C’est une initiative inédite. Dans une tribune publiée par le média Contexte, Auchan, Carrefour, Casino, le groupe Mousquetaires et la Coopérative U appellent le gouvernement à rehausser l’ambition de la Stratégie nationale pour l’alimentation, la nutrition et le climat (Snanc). Publiée en avril dernier avec deux ans de retard, cette dernière a pour but de “déterminer les orientations de la politique de l’alimentation durable”, “respectueuse de la santé humaine” et “garante de la souveraineté alimentaire”.
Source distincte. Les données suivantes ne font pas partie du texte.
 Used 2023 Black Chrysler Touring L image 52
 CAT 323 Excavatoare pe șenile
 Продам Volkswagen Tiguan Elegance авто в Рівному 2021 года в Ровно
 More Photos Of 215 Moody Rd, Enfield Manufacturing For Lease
Reconnaissant le “rôle central” qu’elles ont à jouer face à ces enjeux, les cinq enseignes estiment néanmoins rencontrer plusieurs obstacles sur le chemin d’une transition alimentaire et écologique rapide. “Concilier rentabilité et durabilité est difficile et risqué, argumentent-elles. Nos efforts pour proposer davantage de produits durables, faire la promotion de produits sains, ou bannir certains produits nocifs sont rarement payants”. Les entreprises demandent ainsi au gouvernement de définir “un cap et un cadre clairs pour mobiliser l’ensemble des acteurs dans cette direction” au travers de trois mesures.
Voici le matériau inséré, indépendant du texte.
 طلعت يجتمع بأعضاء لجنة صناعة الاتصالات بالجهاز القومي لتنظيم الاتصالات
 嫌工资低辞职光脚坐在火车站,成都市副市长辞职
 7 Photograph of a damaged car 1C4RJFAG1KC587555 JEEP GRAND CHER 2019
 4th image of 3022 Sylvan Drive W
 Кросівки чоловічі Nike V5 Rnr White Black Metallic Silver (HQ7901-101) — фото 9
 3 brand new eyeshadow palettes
Plus de promotion pour les produits sains
La première concerne la mise en place d’un affichage environnemental permettant de comparer l’impact des produits, d’une même catégorie ou non, sur la planète. Ce système de notation, prévu par la loi Climat et résilience de 2021, se fait toujours attendre, faisant planer le doute sur sa portée et son efficacité. “Il importe que cet affichage soit harmonisé et repose sur une méthodologie fiable et transparente et sur un format de restitution simple à comprendre pour les consommateurs et facile à mettre en œuvre pour les entreprises”, précisent les distributeurs.
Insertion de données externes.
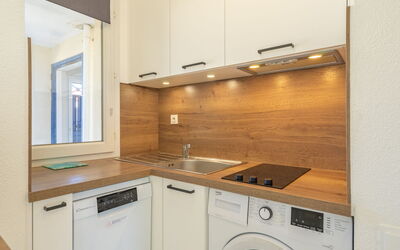 Parc de Pontaillac 550.3: Countertop, Major Appliance, Kitchen Appliance, Kitchen, Flooring, Wood, Interior Design, Plumbing Fixture, Cabinetry, Floor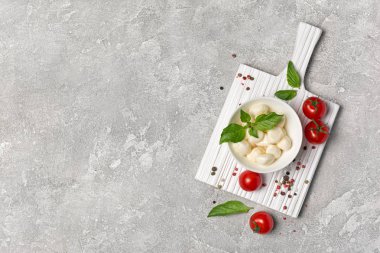 Kiraz domates ve fesleğen ile küçük toplar mozzarella peyniri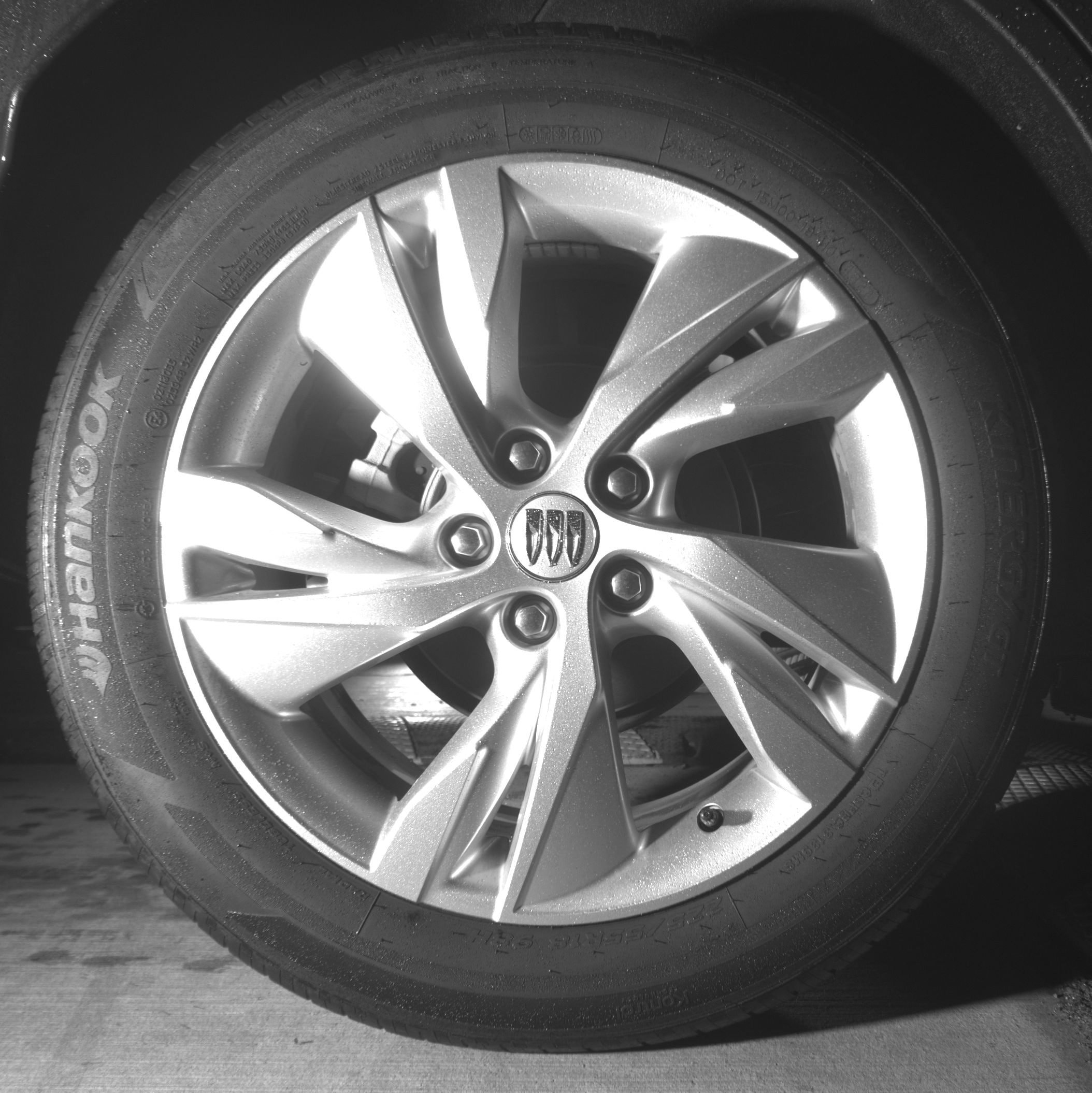 Used 2025 Buick Encore GX Preferred AWD/4WD image 12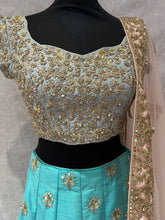 Load image into Gallery viewer, Preeti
Autre enjeu, la consommation de produits carnés. Les signataires souhaiteraient en effet le déploiement d’une campagne de sensibilisation, mettant en valeur “les bienfaits pour la santé et la planète” d’une consommation de viande réduite, compensée par des protéines végétales. Pour le reste, ils appuient le besoin de valoriser “la viande de qualité produite en France”. En outre, ils réclament une restriction de la publicité de “produits de mauvaise qualité nutritionnelle” à destination des enfants et se disent prêts à davantage mettre en avant, notamment au travers de promotions, “les produits les plus favorables à la santé et à l’environnement”. Mais seulement si ces “efforts” sont partagés par l’ensemble des enseignes via des “règles du jeu communes”.
La société civile va plus loin
Ironie de la situation, il y a quelques semaines, ces mêmes acteurs de la grande distribution étaient justement pointés du doigt pour leurs opérations de pub. Deux tiers des produits présentés dans les catalogues promotionnels des cinq principales chaînes de supermarchés, dont Carrefour, Coopérative U et Intermarché, vont en effet à l’encontre des préconisations du Programme national nutrition santé, selon une étude dévoilée le 21 mai dernier par sept associations. De plus, 95% de ces aliments ne sont pas issus de l’agriculture biologique et ne répondent pas aux critères d’une alimentation durable, alertent les ONG.
Et ce n’est pas le seul volet sur lequel les distributeurs doivent fournir des efforts. Dans un rapport rendu publique début mai, le Réseau Action Climat (RAC) a évalué la contribution des supermarchés français au déploiement de la transition alimentaire. S’il reconnait de manière générale quelques progrès concernant la transparence et les engagements des enseignes, elle observe un fort “décalage avec [les] pratiques réelles qui ne prennent pas encore ou très peu en considération les enjeux écologiques et de santé publique”. Loin du trio de tête occupé par Carrefour, Monoprix et la Coopérative U, E.Leclerc et Aldi étaient alors désignés comme les mauvais élèves du secteur. On notera d’ailleurs que les deux entreprises sont absentes des signataires de la tribune.
En parallèle, 87 organisations de la société civile ont aussi publié une lettre ouverte adressée à François Bayrou et aux ministres de l’Agriculture, de la Santé et de la Transition écologique pour relever l’ambition de la Snanc. Allant un cran plus loin, elles demandent notamment la mise en place d’une trajectoire chiffrée de réduction de la consommation de viande, l’affichage obligatoire du Nutri-score, l’encadrement des marges des distributeurs et des industriels sur les produits sains et durables ou encore l’instauration d’objectifs d’approvisionnement en produits biologiques pour la grande distribution. “La responsabilisation du consommateur ne permettra pas d’inverser la tendance, insistent les signataires. Pour améliorer l’accès à une alimentation saine, durable et choisie (…), les pouvoirs publics doivent agir sur l’amont et l’aval de la chaîne alimentaire”.